It’s ironic (if the word has any meaning these days) that at a time when the Democratic party under Clinton and Obama was growing more diverse in terms of gender, race, and ethnicity (which is a good thing) it grew more homogenous in terms of the class background of its leaders.

A Little Recent Midterm History

The party in power usually loses seats in the first midterm election, which makes the first midterm facing any new administration very important. Midterm elections are base elections therefore it’s incumbent upon the party in power to energize its base going into that first midterm. Republicans know this fact; Democrats pretend they don’t.

So in 1994, Bill Clinton took the Democrats into his first midterm by triangulating against the party’s base by wasting “political capital” on passing NAFTA over the vociferous objections of workers, labor unions, environmentalists, and consumer activists; in short, the Democratic base. Clinton’s centrist bullshit going into the 1994 midterms resulted in a 52-seat Democratic loss, ignited the Gingrich Revolution, and ended up creating the Republican majority that impeached his ass.

Things were far different in the 2002 midterms. This time around a Republican administration that didn’t even win the popular vote faced its first midterm. But did George W. Bush triangulate against his party’s base? Hell no. He and Karl Rove (working with the Republican Congress) in October 2002 forced many of the Democratic leaders, including Hillary Clinton, John Kerry, Joe Biden, and Chuck Schumer, to vote in favor of his war against Iraq even while people representing the Democratic base marched in the streets against it. This betrayal on the part of many Democratic leaders showed cowardice on their part and that the Democrats stood for no principles whatsoever even regarding war and peace. The result was an energized Republican base and a dispirited Democratic one. The GOP held on to its majority in both chambers of Congress. (Going into 2018, Trump and Bannon might seek to follow a similar script forcing a split between the leaders and base of their opponents and the Democrats might sheepishly oblige.)

In 2010, Barack Obama faced his first midterm so of course he did all he could to energize his party’s base, right? Not. He appointed Arne Duncan Secretary of Education who continued the teacher bashing Bush policies of “No Child Left Behind” thereby discouraging just about every public school teacher in America (a feminized profession and among the most reliable parts of the Democratic base). Obama also did nothing to help the millions of underwater mortgage holders who got scammed. Instead, he followed the advice of Secretary of Treasury Tim Geithner to use foreclosures as “runway foam” for a safe landing for Wall Street. Obama didn’t jail one Wall Street financial officer even after they ripped off workers’ pensions and brought the whole economy down. He also escalated the war in Afghanistan with 30,000 additional soldiers. The Democratic base limped into 2010 with the predictable result being the “shellacking” of losing 63 House seats that followed. Obama became a lame duck the day John Boehner was sworn in as Speaker of the House.

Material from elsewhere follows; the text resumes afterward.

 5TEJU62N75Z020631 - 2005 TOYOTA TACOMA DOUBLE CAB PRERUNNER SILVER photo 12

In 2018, like 2002, there’s a Republican president who lost the popular vote facing his first midterm. We’ll see how Trump and Bannon play this out. One thing is certain: unlike the last two Democratic presidents they’re going to do all they can to fire up their party’s base over the next sixteen months.

This history suggests a kind of Kabuki dance where one party (as if prearranged) purposely stumbles to worsen its chances because its leaders have more in common with their opponents than their own base.

The “Resistance”

We’ve grown far too accustomed to hearing Democrats constantly apologize for their “San Francisco Values” (one of the areas of attack against Jon Ossoff). Instead of standing by their support of government as a force for social good, or their calls for an economy that serves the interests of the vast majority of working people, or their desire for banks and corporations to pay their fair share of taxes, and so on, they turn against (as Ossoff did) a $15-an-hour minimum wage and universal health care.

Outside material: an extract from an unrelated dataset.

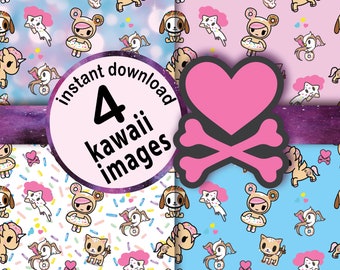 Kawaii TOKIDOKI Seamless Pattern, Rainbow Cartoons (Digital File)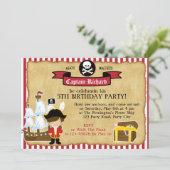 Pirate Birthday Invitation (with Ship & Map) (Standing Front)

When was the last time you heard a Republican politician apologize for his or her worldview? Even with a pussy-grabbing con artist as their party’s leader they apologize for nothing.

The “Resistance” has so many structural hurdles to jump. The gerrymandering alone has guaranteed that the Republicans control the House of Representatives probably for the next 50 years. And the Senate is terrible because vast windswept states with more antelope than people, like Wyoming, Idaho, the Dakotas, and Montana, will always have their two senators thumping their bibles and trashing Big Gov’mint. With a little voter suppression in the cities, college towns, and liberal suburbs the Republicans can easily win in states like these and will continue to do so.

George W. Bush and now Trump have shamelessly stacked the federal judiciary with far-right ideologues from the Federalist Society. Good Ol’ Mitch has been working overtime on stacking the federal bench with little media attention. Like the Roberts Court, we’ll see countless lower courts rule in favor of corporations over consumers, environmentalists, and workers. It’s a fait accompli.

All of these neat Republican tricks – flooding the political system with money, partisan gerrymandering, voter suppression, stacking the judiciary – have already restructured the “playing field” of American democracy in favor of oligarchy. By the time Trump, House Speaker Paul Ryan, and Good Ol’ Mitch get done the country is going to be in deep doo-doo.

It’s kind of ironic (if we can use that word anymore) that the GOP has also garnered a marked advantage in Internet savvy and social media propaganda. As we learned in 2016, the Republicans are expert at using firms like Robert Mercer’s Cambridge Analytica and others to target voters through social media and marketing techniques to tailor specialized propaganda directly to voters based on household on-line behavioral data.

The guys who founded a lot of the cool stuff about the Internet like Steve Jobs and Mark Zuckerberg thought they could help humanity in some little way by their efforts. Ha! Instead they’ve turned over a powerful molder of public opinion to oligarchs and plutocrats, authoritarians, white supremacists, and neo-fascists! (Sometimes I think American democracy would be better off if we never moved beyond rotary phones and bulletin boards.)

And it’s foolish to think we can turn to liberal billionaires to save us. As far as “progressive” politics go (although I prefer Tom Steyer over Robert Mercer) there’s not a lot of difference between liberal and conservative billionaires. A billionaire is a billionaire – about as far removed from the lives of the average American worker as a newly discovered life-form on an exoplanet a thousand light-years away.

Today, the Republican Supreme Court is poised to turn the whole nation into a “right to work” country. That means that not only workers, but consumer activists, environmentalists, and civil rights advocates are all going to be pushed back on their heels as corporate power further consolidates. The only thing we can be certain of after Trump signs a budget is ever larger pockets of extreme poverty growing throughout the country and levels of income and wealth inequality worse than we’ve ever experienced as a society. Welcome to the new normal.

Another bummer is that we’re just one mass-casualty attack away from a police state. Although corporate media will never broach the topic virtually all of the terrorism we see today in Europe (and coming soon to a neighborhood near your) is blowback from decades of misguided bipartisan imperial policies.

“But, but Obama got elected . . .” you might say.

Yes. But he was elected before “Citizens United,” “McCutcheon,” and “Shelby;” before the partisan gerrymandering and Kobach’s voter suppression; before the Mercers, fake news, “alternative facts” and Pepe the Frog. And long before anyone in their right mind thought Trump could ever become president.